*PROBLEM REQUIREMENTS*: Retype nothing except the lines below from the one with "Скриншот из игры Jack Keane - 81" through the one with "3 Bedroom Detached", exactly, with images left out.

*RAW DATA*:

++++

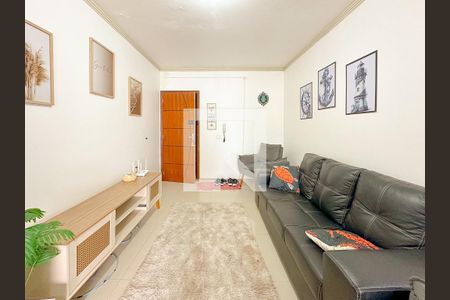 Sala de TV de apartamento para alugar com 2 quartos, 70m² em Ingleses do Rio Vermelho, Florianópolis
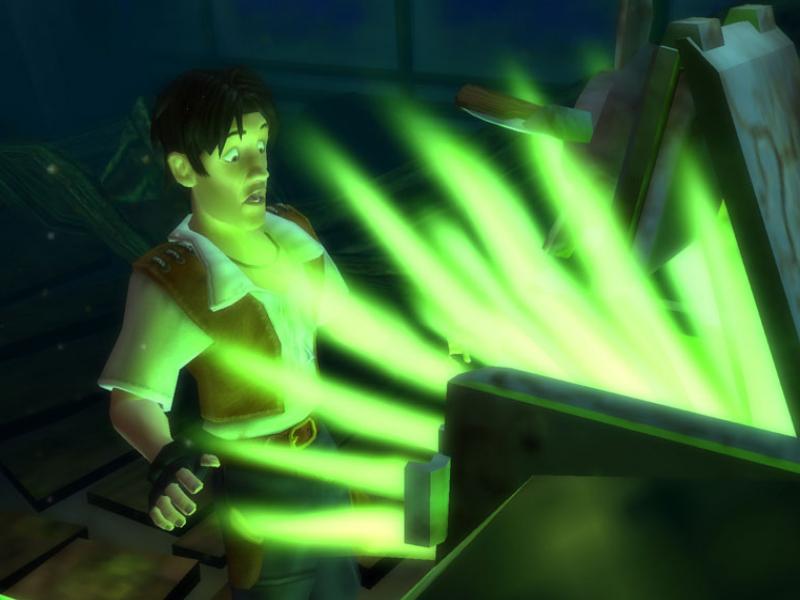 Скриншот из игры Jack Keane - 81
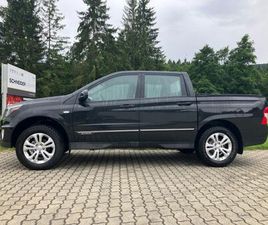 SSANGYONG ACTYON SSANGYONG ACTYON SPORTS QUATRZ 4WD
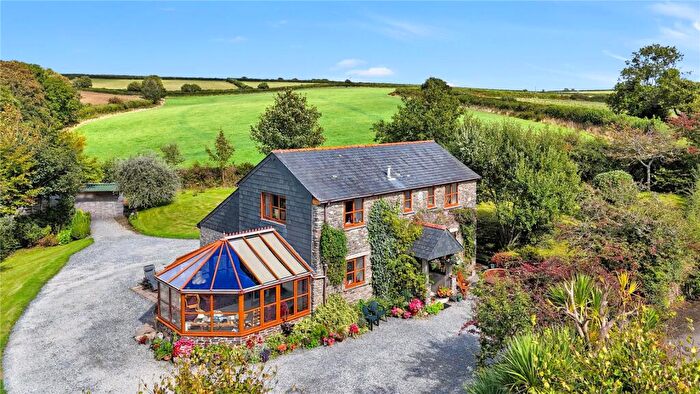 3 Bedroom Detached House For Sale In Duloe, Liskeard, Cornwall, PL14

++++

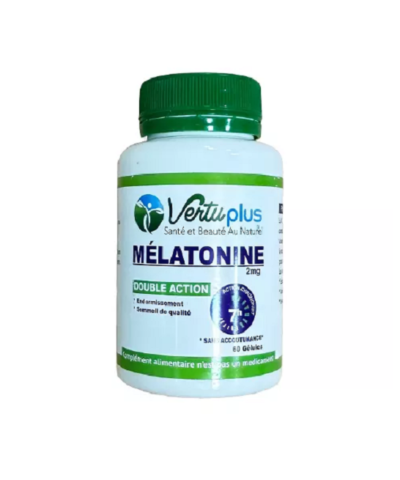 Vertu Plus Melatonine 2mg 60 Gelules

++++

*ANSWER TO THIS EXERCISE*:
 Скриншот из игры Jack Keane - 81
 SSANGYONG ACTYON SSANGYONG ACTYON SPORTS QUATRZ 4WD
 3 Bedroom Detached House For Sale In Duloe, Liskeard, Cornwall, PL14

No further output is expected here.